Without the medium term development strategy that is the MGDS, how would government review and align key priority areas to the budget? How would Capital Hill reassess sector strategic needs?

I know someone would argue that government could still base its budgeting on MGDS II by rolling it over.

But keen observers of Malawi’s development story may agree that the second MGDS was a disaster and it was during its implementation period that public finance management collapsed, the economy went downhill, social services became a tragic drama and  both investors and development partners walked away.

Even official internal reviews by government, through the Department of Economic Planning and Development, show that MGDS II was mostly a waste of time. Even its design was flawed.

How can a strategic document have nine key priority areas for goodness sake? How do you effectively spread scarce resources this way? I am, therefore, glad that government appears to have drawn some lessons from the debacle that was MGDS II by reducing key priority areas to five.

We should have had MGDS III in place by now ready for implementation from July 1 2017 —starting with the next budget as the first operationalisation tool up to June 2022.

But for too long folks shuffled around their seats at Capital Hill yawning precious time away as nobody seemed to take leadership of the initiative.

Last year, there were some folks from the Department of Economic Planning and Development who went around consulting “key stakeholders, at various levels, with the aim of soliciting their views on the priorities the nation should focus on in the next five years, including the appropriate implementation modalities of the National Strategy.”

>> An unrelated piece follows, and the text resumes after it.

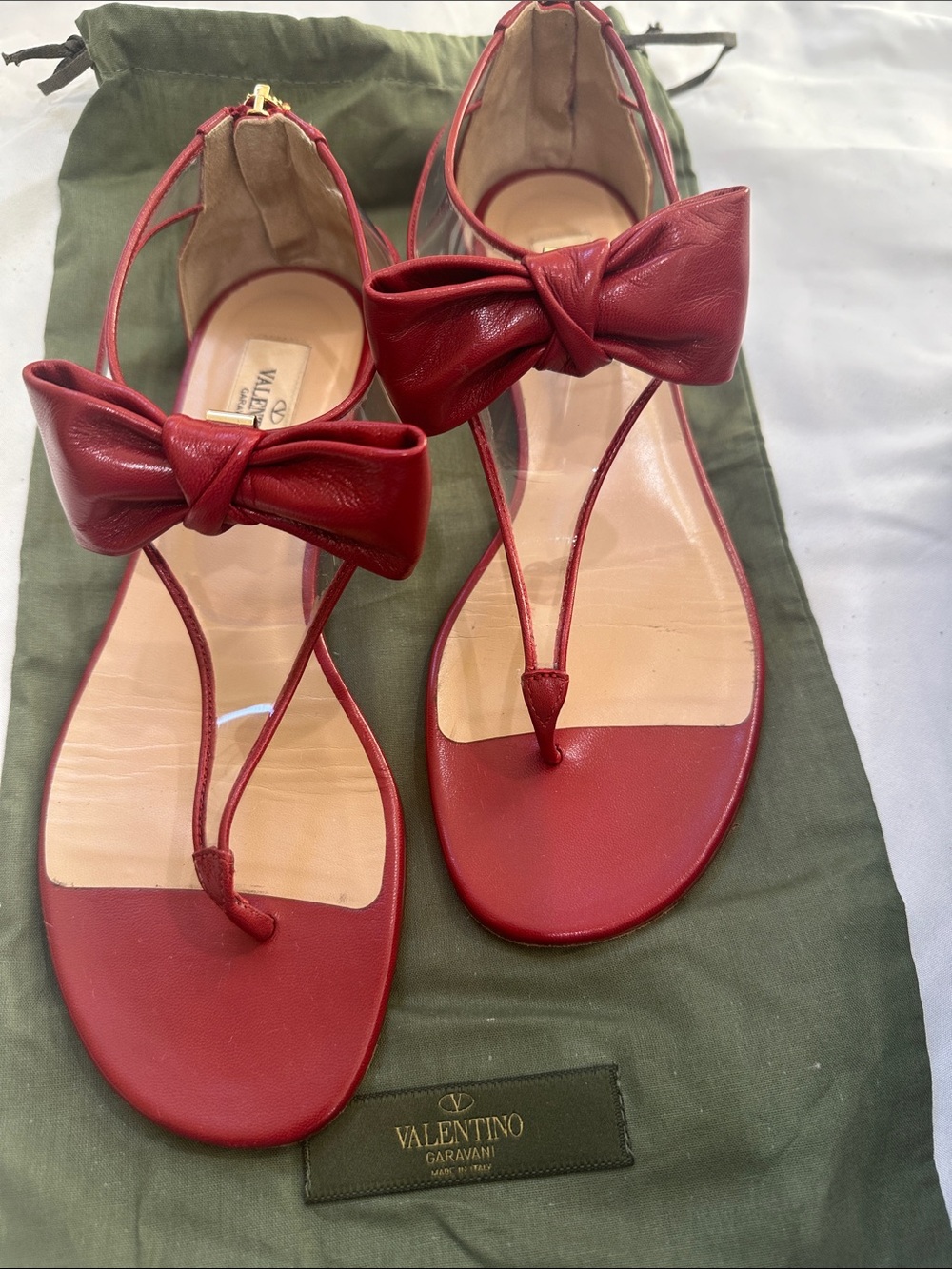 Valentino Garavani Red Leather Bow T-Strap Sandals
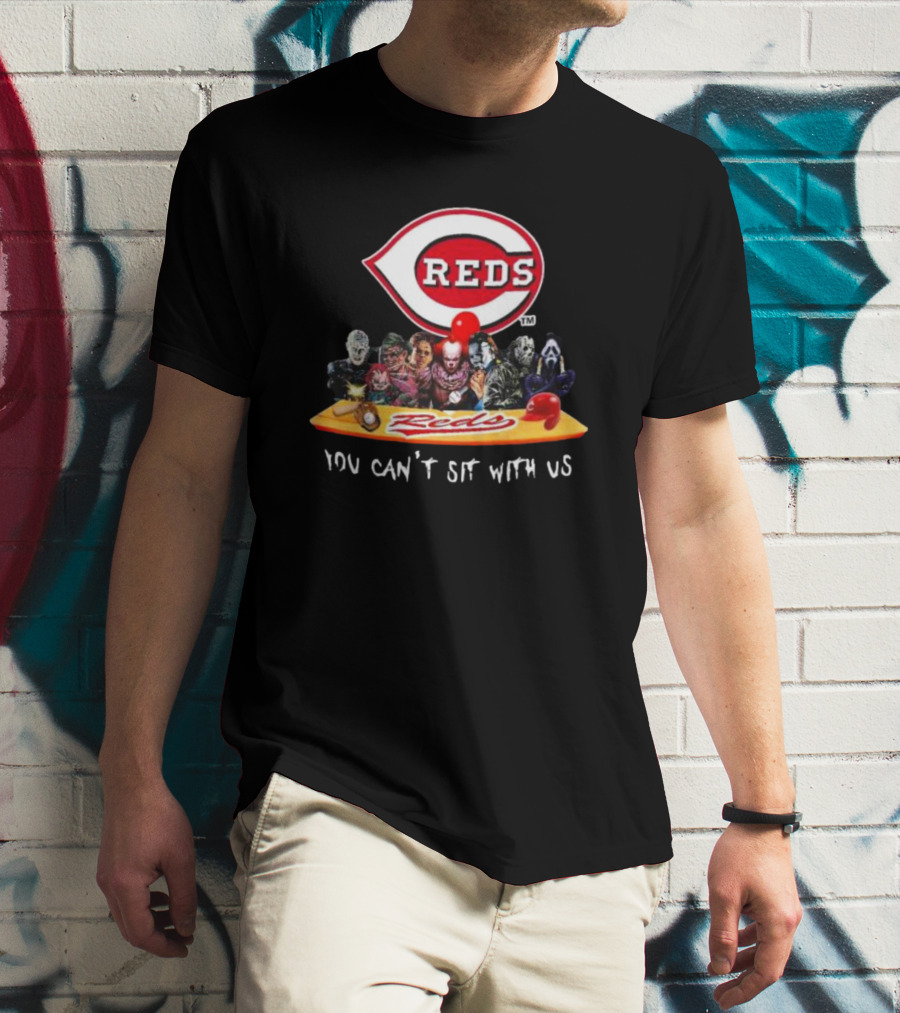 Cincinnati Reds Horror Movie Characters Logo You Can’t Sit With Us T-Shirt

I attended one of those consultative meetings; that is why I wondered whether those folks were still on the consultation circus nearly one year after the expiry of MGDS II. I was ready to accept a one year gap between the last blue print and the new one, but more than that would simply have been indefensible.

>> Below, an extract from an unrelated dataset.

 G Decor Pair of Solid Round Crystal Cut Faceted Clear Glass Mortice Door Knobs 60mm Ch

Now that government appears to be ready with the MGDS III, it is crucial that key stakeholders in the budget process—tax payers, civil society organisations, development partners and even government ministries, departments and agencies (MDAs),ensure that the budget is aligned to this important document.

And by the way, where is the National Planning Commission? We need that body in place as soon as yesterday to avoid some of these planning lapses.

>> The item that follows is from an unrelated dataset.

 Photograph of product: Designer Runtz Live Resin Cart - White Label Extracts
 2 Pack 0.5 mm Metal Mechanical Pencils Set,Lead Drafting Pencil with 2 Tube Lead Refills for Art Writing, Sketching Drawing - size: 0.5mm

The other issue concerns pressure points that I believe should form part of the basis for the upcoming budget consultations and we need think-tanks such as the Economics Association of Malawi, the Malawi Economic Justice Network, the Economics Departments of our universities and even the Department of Economic Planning and Development to seriously agonise over these.

The first pressure point is the crazy growth in statutory expenditures—including the exploding public sector wage bill and its attendant unsustainable pensions and gratuities; public debt charges as well as compensations; refunds and arrears. These statutory expenditures are a ticking time bomb that will soon blow up right in our faces not too long from now if we do not control them now.

We also need a frank national conversation on the question of fiscal sustainability—especially how to ensure predictability of resource inflows and striking common sense balance for deficit financing and debt levels.

In this mix is coming up with a package of smart measures to ensure adherence to public finance management rules and Treasury instructions that appear to be ignored all the time.